May juga mengaku, keputusan itu telah ia buat seusai berkomunikasi dan berdiskusi dengan sejumlah pejabat negara lain.
“Saya membicarakan hal ini di Kanada bersama Perdana Menteri Justin Trudeau. Pemerintah Inggris harus menunjukkan sikap kami. Karena itu kami akan menghentikan latihan militer bersama Myanmar,” pungkasnya.
Seperti dikabarkan sebelumnya, Aung San Suu Kyi telah angkat suara terkait aksi persekusi yang menimpa masyarakat Rohingya. Dalam sebuah pidato selama 30 menit, ia mengutuk segala kekerasan yang terjadi di Myanmar.

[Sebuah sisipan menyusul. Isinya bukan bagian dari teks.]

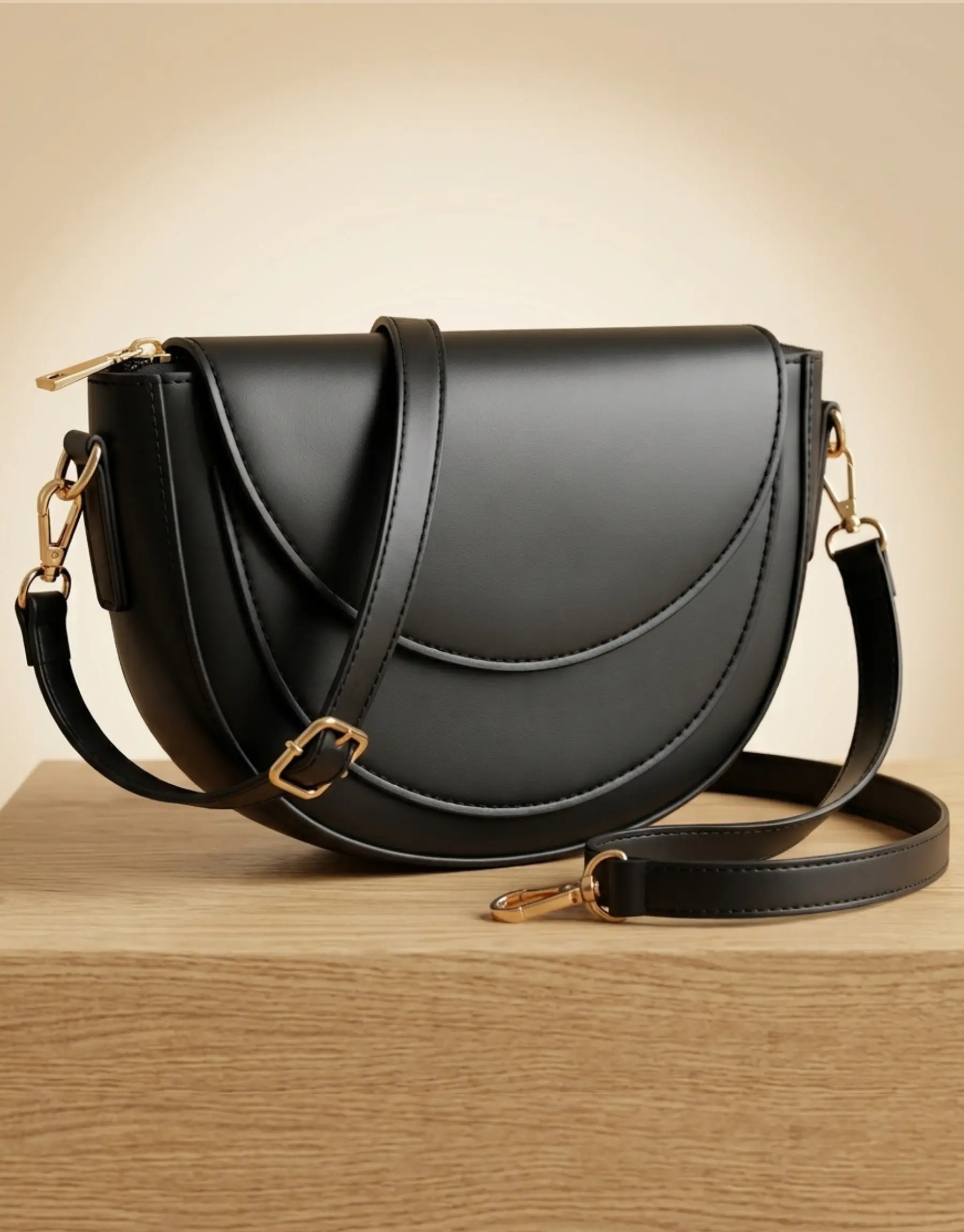 Elegant Black Crossbody Bag for Women with Mini Flap Elegant Black Crossbody Bag for Women with Mini Flap
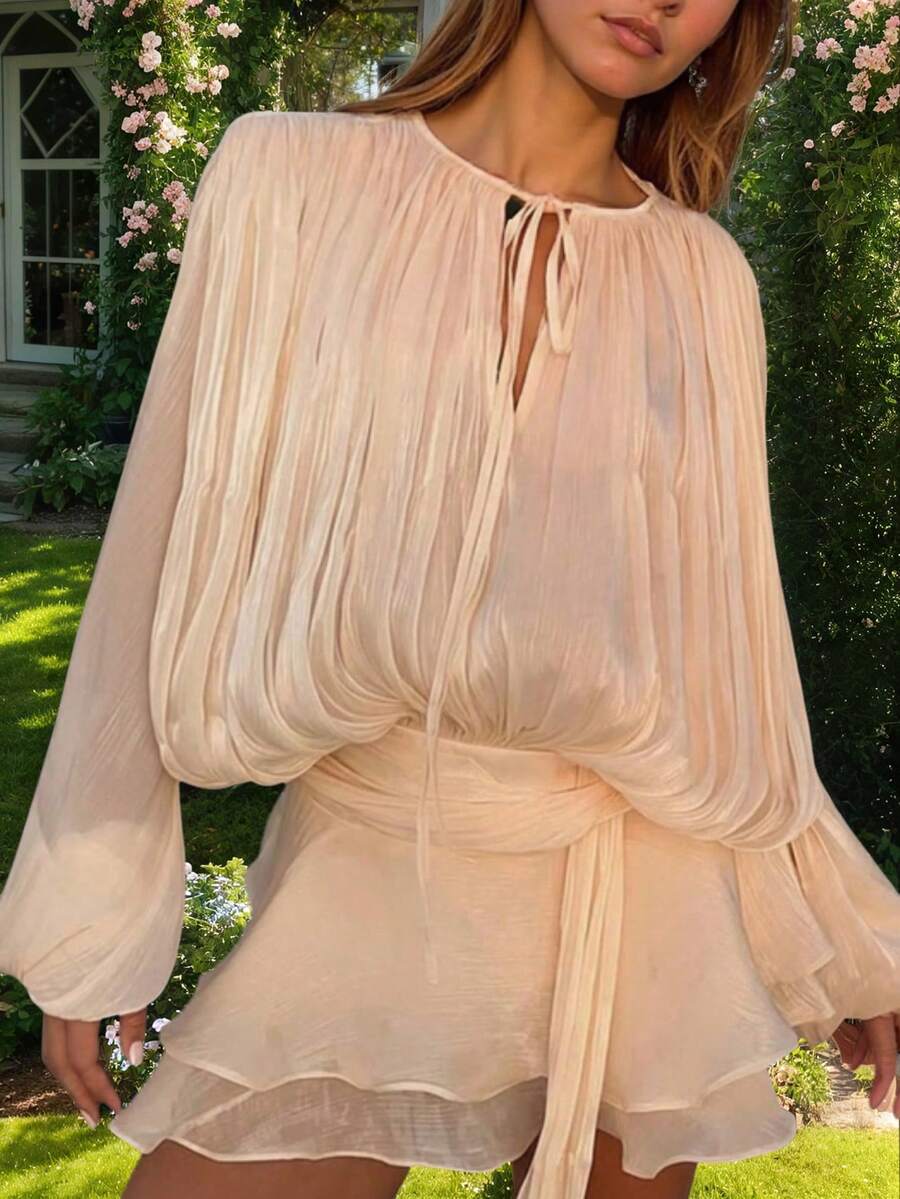 Millennium Style Tie-Up Ruffle Collar Double Layer Ruffle Lantern Sleeve Shirt Dress, Without Belt, Women's Wedding Guest Dress, Suitable For Formal Occasions, New Year, Valentine's Day, Wedding Season, Etc. #Evening Gown - Pink Orange - View 1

“Kami mengutuk keras semua pelanggaran hak-hak asasi manusia dan perbuatan-perbuatan yang melanggar hukum. Kami berkomitmen untuk mengembalikan keamanan, kedamaian, dan stabilitas, serta hukum di seluruh negara ini,” ujar Suu Kyi, seperti dikutip dari Reuters, Selasa, 19 September 2017. (kuy)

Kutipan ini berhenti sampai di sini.